↓

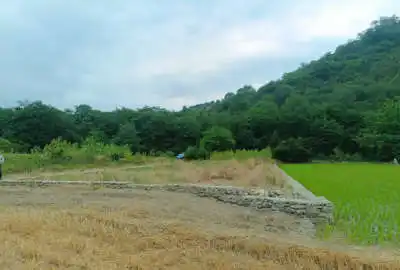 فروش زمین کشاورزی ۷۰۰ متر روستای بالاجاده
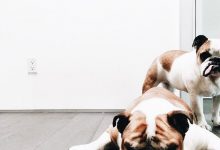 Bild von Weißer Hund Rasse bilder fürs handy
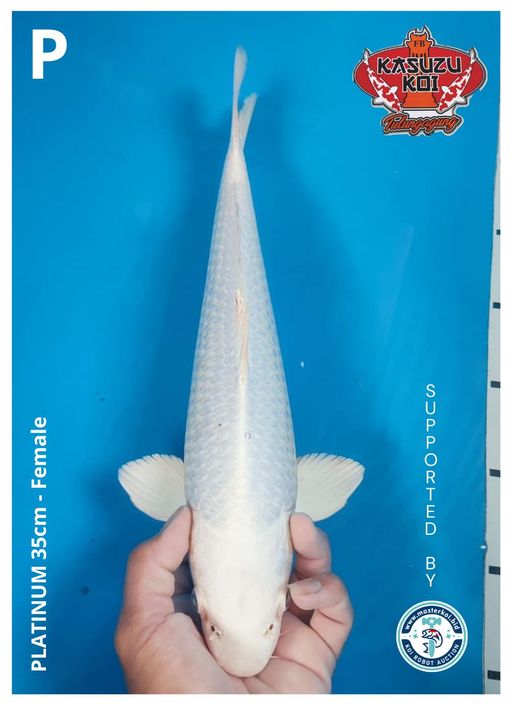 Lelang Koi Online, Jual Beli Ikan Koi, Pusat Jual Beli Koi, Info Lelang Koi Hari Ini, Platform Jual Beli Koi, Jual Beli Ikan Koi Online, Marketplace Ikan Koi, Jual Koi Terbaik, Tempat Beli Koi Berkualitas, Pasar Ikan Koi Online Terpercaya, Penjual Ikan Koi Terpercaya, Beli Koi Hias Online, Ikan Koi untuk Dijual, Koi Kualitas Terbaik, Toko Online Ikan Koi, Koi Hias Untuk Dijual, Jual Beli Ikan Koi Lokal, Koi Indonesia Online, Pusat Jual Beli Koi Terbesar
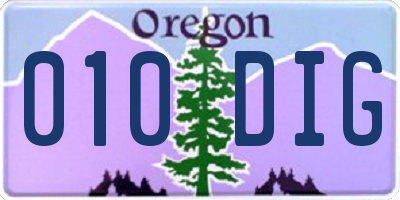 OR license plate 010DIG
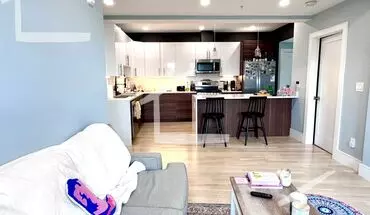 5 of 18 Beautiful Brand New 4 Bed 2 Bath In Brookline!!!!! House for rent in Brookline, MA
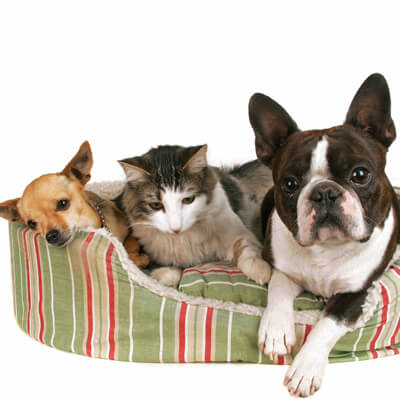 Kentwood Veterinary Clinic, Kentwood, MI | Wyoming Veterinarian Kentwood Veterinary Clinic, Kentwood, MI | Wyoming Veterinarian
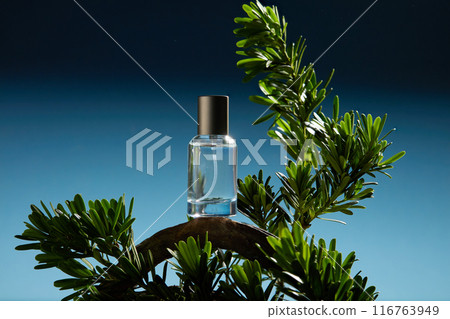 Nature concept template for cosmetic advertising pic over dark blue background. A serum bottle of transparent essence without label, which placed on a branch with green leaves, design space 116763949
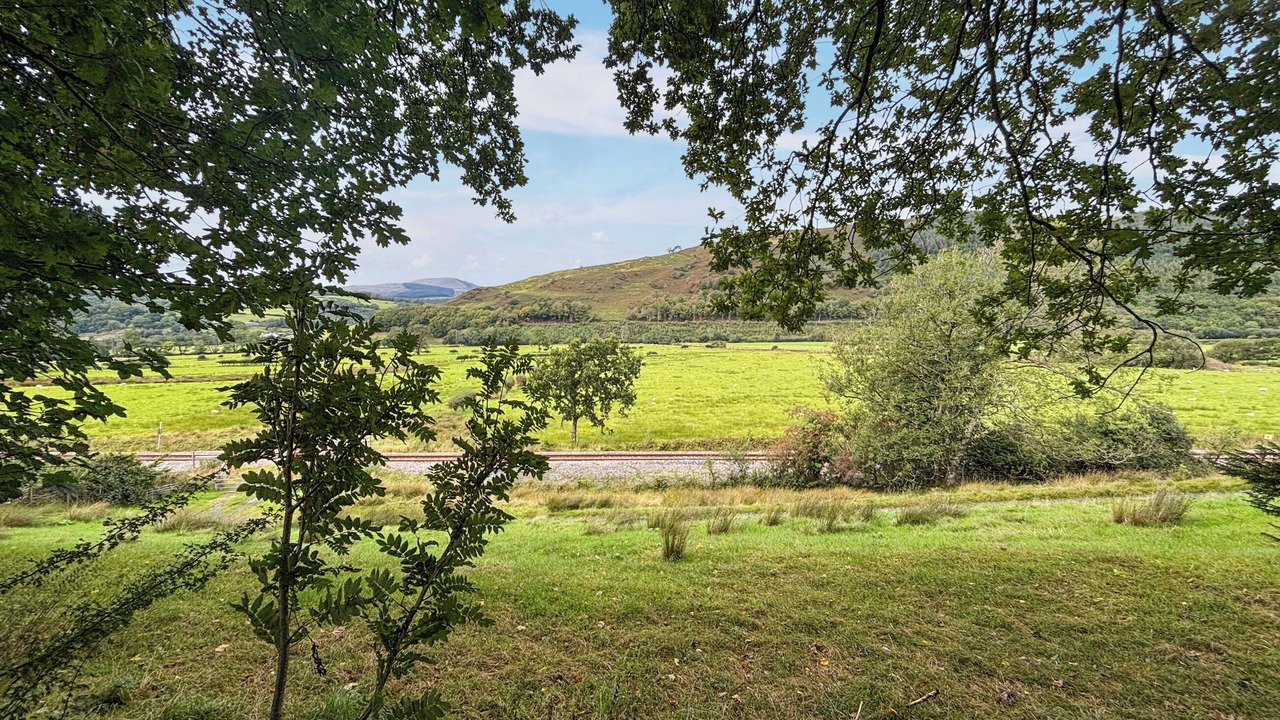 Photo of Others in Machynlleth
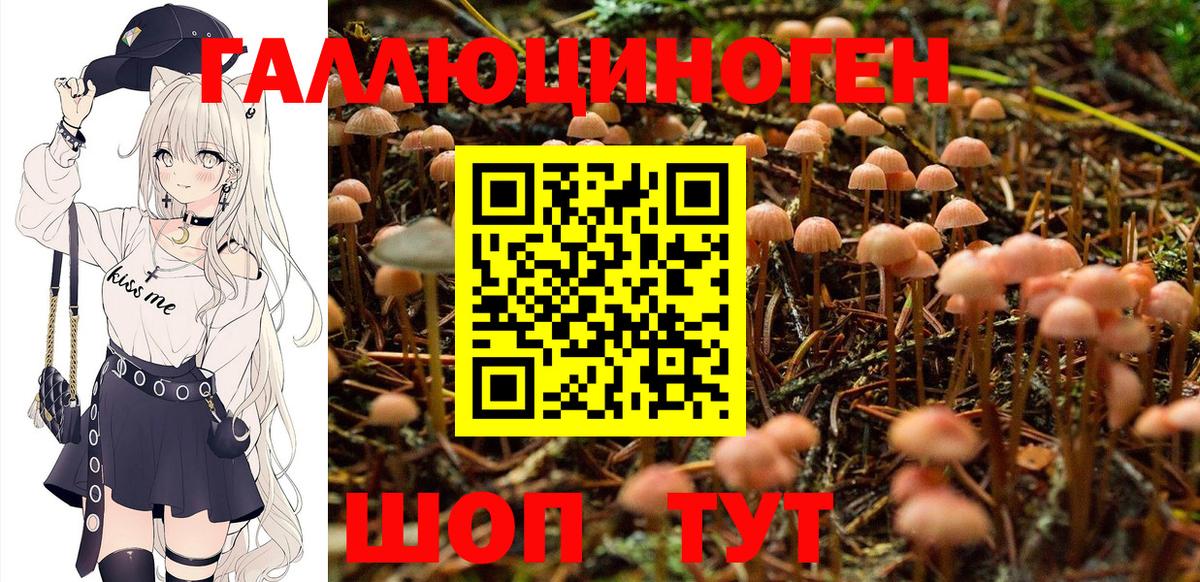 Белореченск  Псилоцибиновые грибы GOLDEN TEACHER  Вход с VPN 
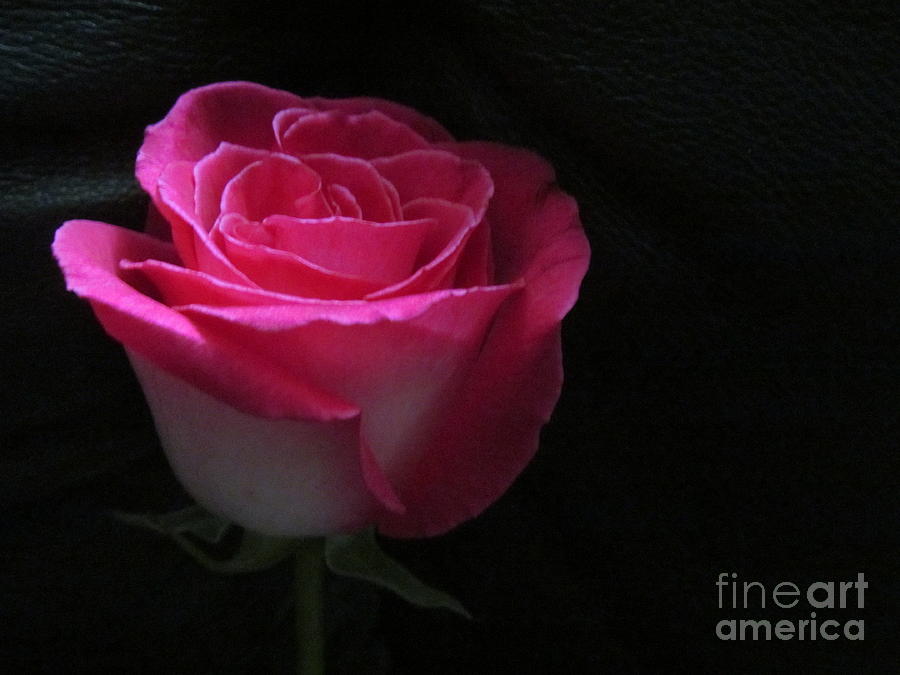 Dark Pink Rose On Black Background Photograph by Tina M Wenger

↑

Exercise description:
Give the lines from the one containing "Wyoming Veterinarian Kentwood" through the final line of the material again, exactly and in full, but without pictures.

Result of the exercise:
 Kentwood Veterinary Clinic, Kentwood, MI | Wyoming Veterinarian Kentwood Veterinary Clinic, Kentwood, MI | Wyoming Veterinarian
 Nature concept template for cosmetic advertising pic over dark blue background. A serum bottle of transparent essence without label, which placed on a branch with green leaves, design space 116763949
 Photo of Others in Machynlleth
 Белореченск  Псилоцибиновые грибы GOLDEN TEACHER  Вход с VPN 
 Dark Pink Rose On Black Background Photograph by Tina M Wenger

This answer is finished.